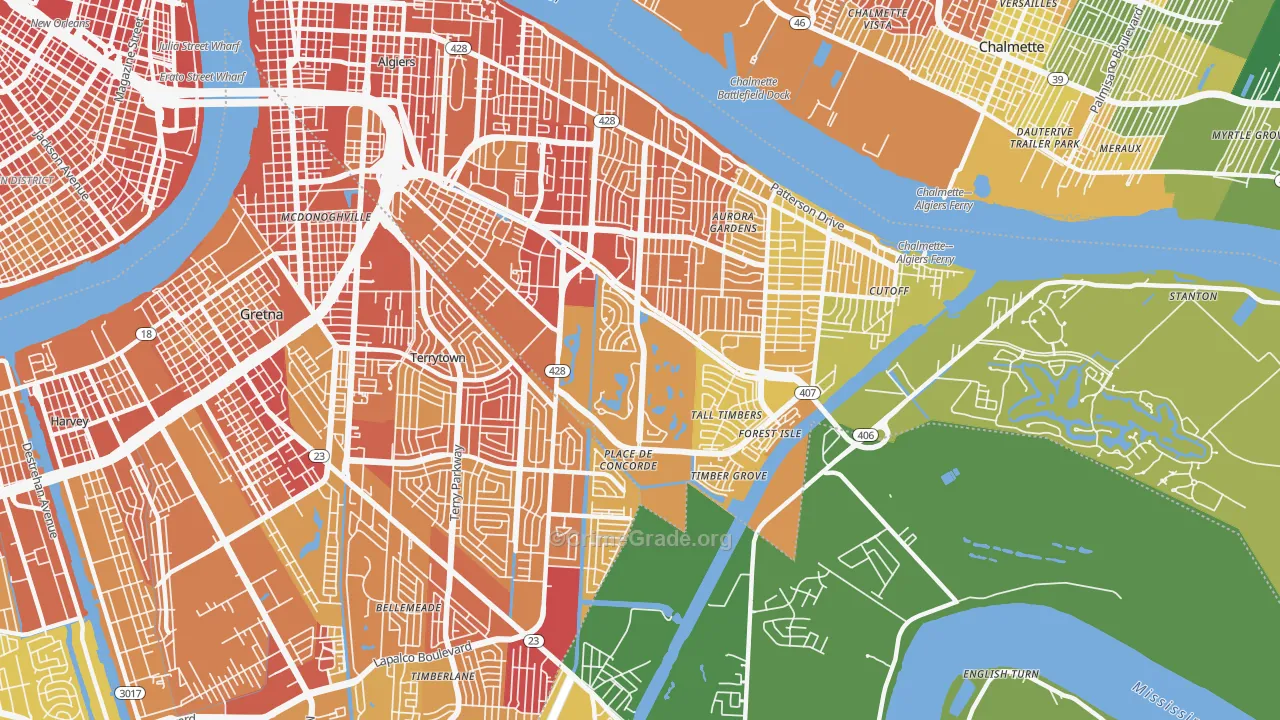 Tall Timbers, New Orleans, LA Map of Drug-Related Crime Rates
::::::
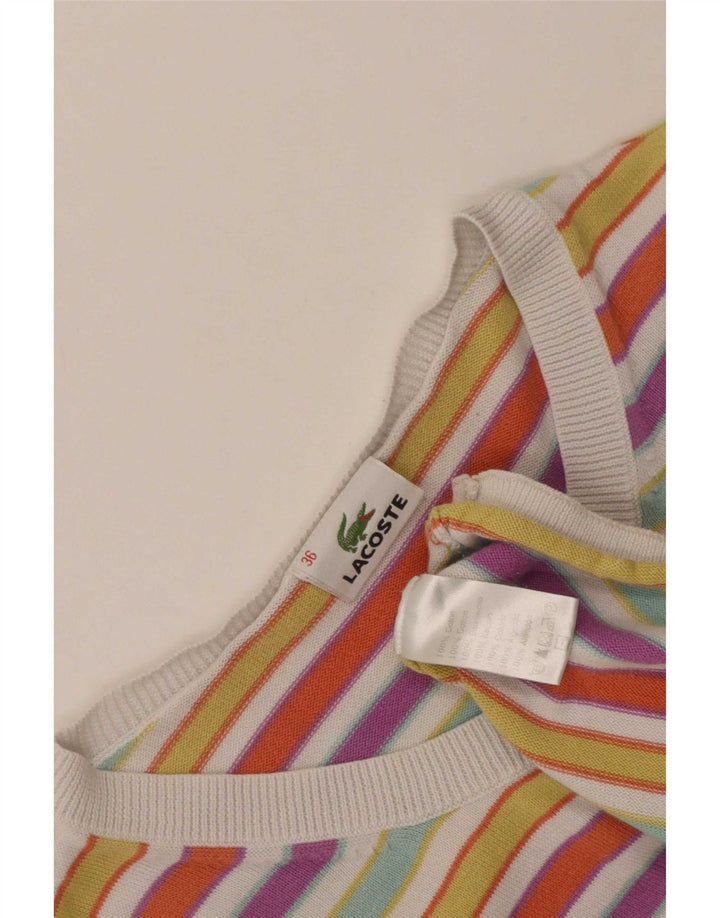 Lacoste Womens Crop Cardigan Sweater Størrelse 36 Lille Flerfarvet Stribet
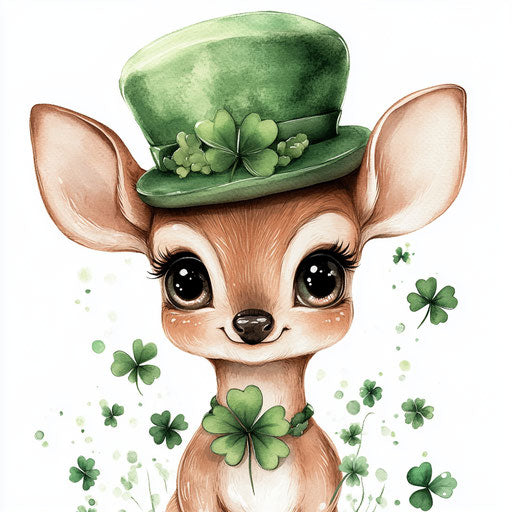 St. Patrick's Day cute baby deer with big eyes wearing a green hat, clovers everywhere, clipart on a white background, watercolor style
::::::
(WORK ORDER):
With the pictures removed, print only the lines starting at the line that has "Lacoste Womens Crop" and ending at the line that has "St. Patrick's Day", both ends included, exactly as they stand above.

(ANSWER TO THIS PROBLEM):
 Lacoste Womens Crop Cardigan Sweater Størrelse 36 Lille Flerfarvet Stribet
 St. Patrick's Day cute baby deer with big eyes wearing a green hat, clovers everywhere, clipart on a white background, watercolor style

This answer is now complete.